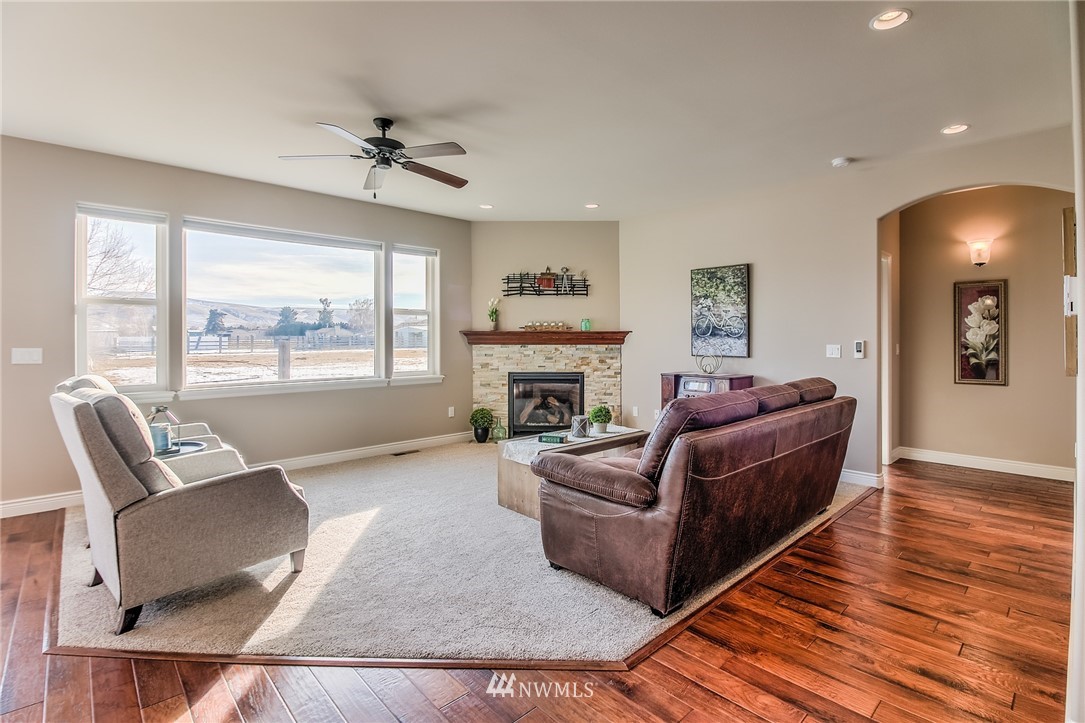 5904 Crestfields Road Yakima, WA 98903 - Photo 18 of 39 a living room with furniture and a fireplace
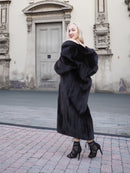 Elegant black mink fur coat with flared silhouette, worn by a stylish woman in front of a historic building.
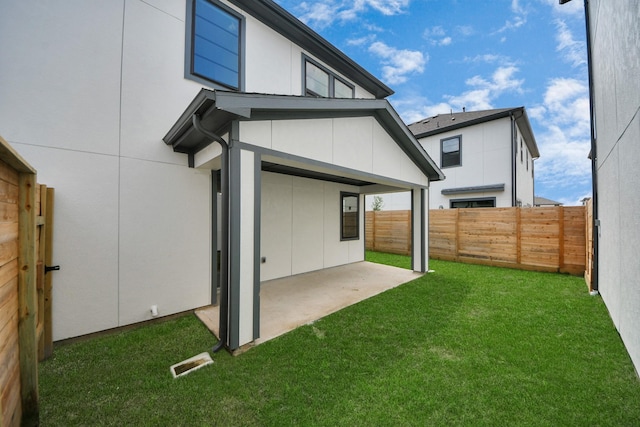 rear view of property with a fenced backyard, a patio area, visible vents, and a lawn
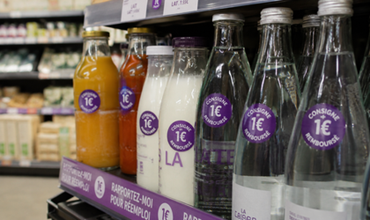 Bouteilles en verre réemployables présentées sur un rayon de supermarché avec des étiquettes de consigne à un euro.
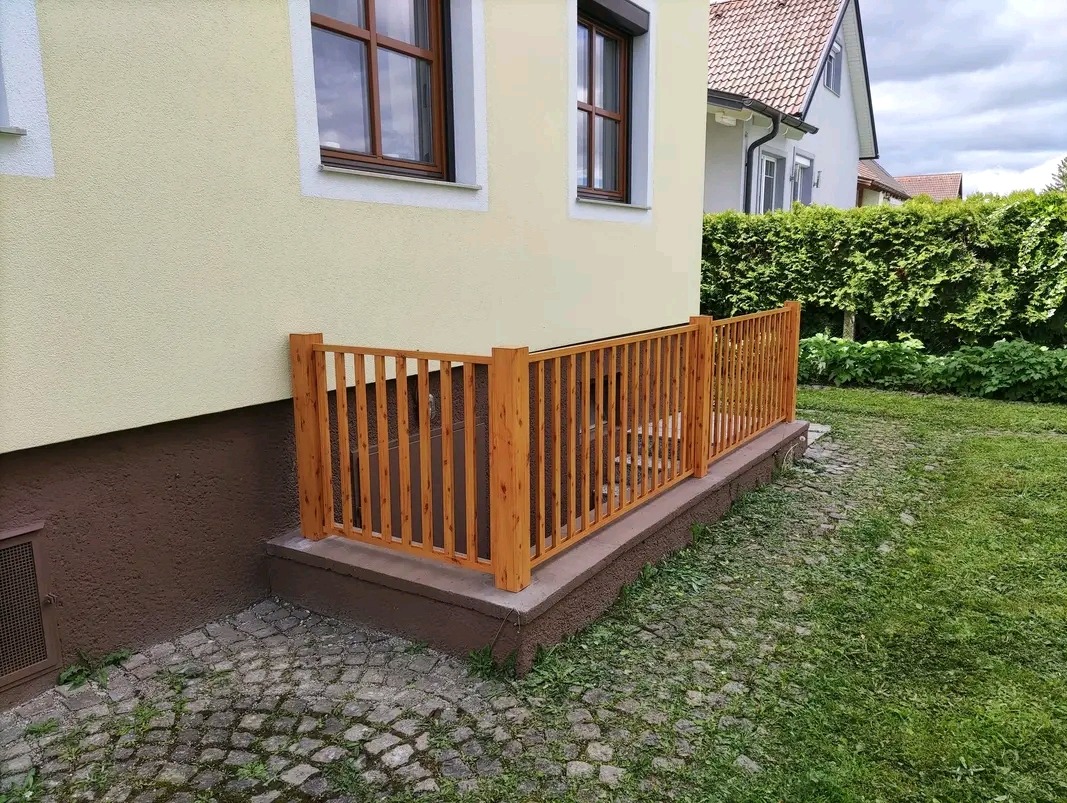 Drewniana balustrada zabezpieczająca niskie okno piwniczne w domu jednorodzinnym. Widok z zewnątrz, trawnik i kostka brukowa.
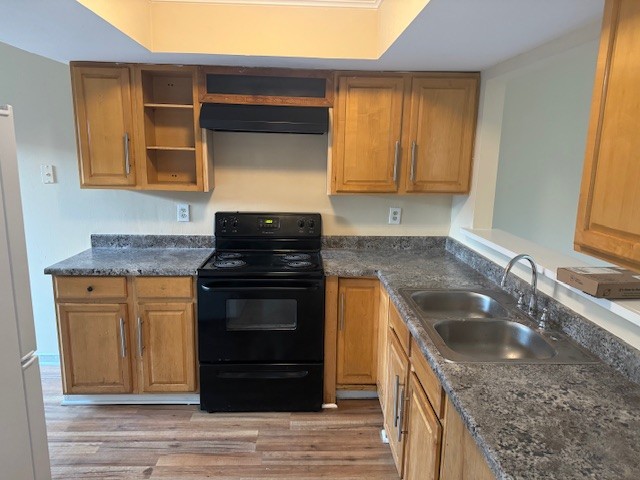 a kitchen with granite countertop stainless steel appliances wooden cabinets and a sink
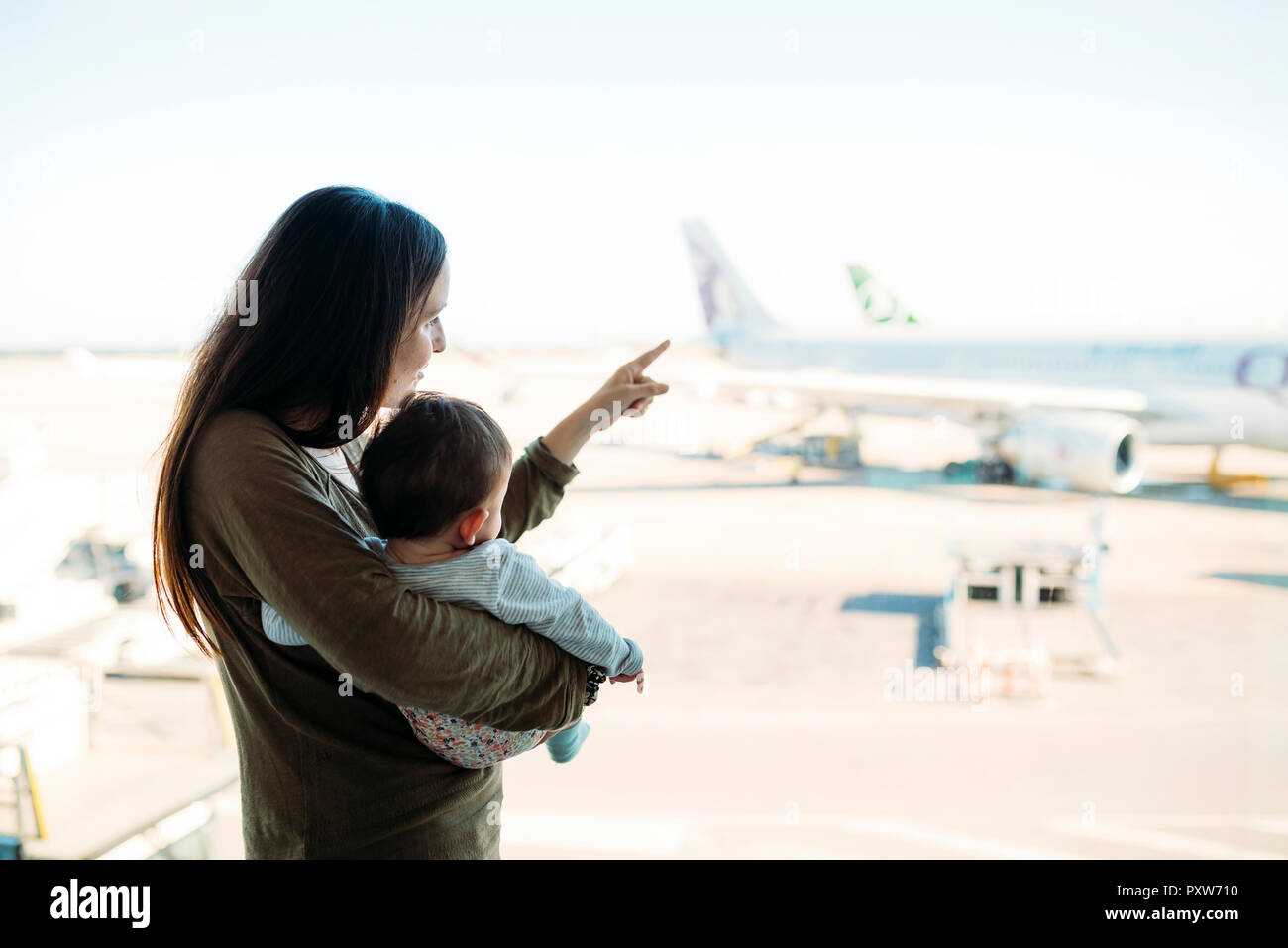 Mère tenant une petite fille à l'aéroport, pointant sur les avions Banque D'Images
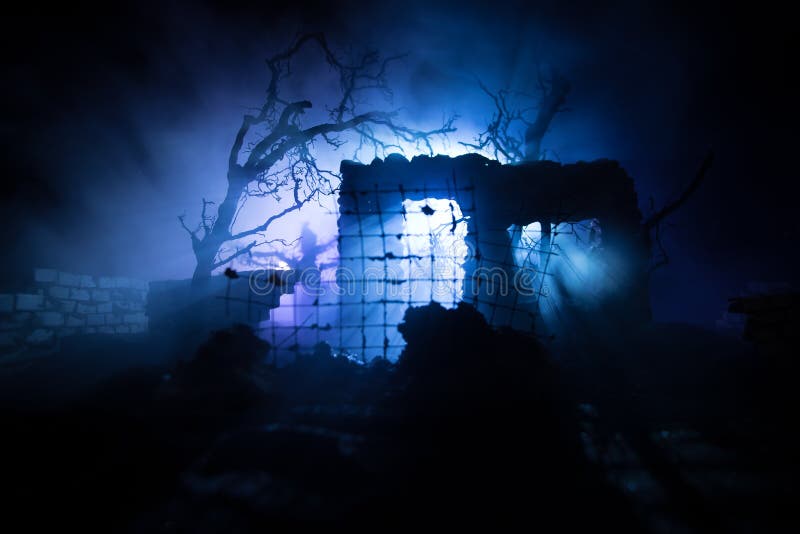 Old ruined stone house in deserted garden at night. Selective focus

- - - -

**Problem to solve:**
Exclude the pictures, and output exactly the lines from the one with "Drewniana balustrada zabezpieczająca" through the last line of the records, both included.

**Answer box:**
 Drewniana balustrada zabezpieczająca niskie okno piwniczne w domu jednorodzinnym. Widok z zewnątrz, trawnik i kostka brukowa.
 a kitchen with granite countertop stainless steel appliances wooden cabinets and a sink
 Mère tenant une petite fille à l'aéroport, pointant sur les avions Banque D'Images
 Old ruined stone house in deserted garden at night. Selective focus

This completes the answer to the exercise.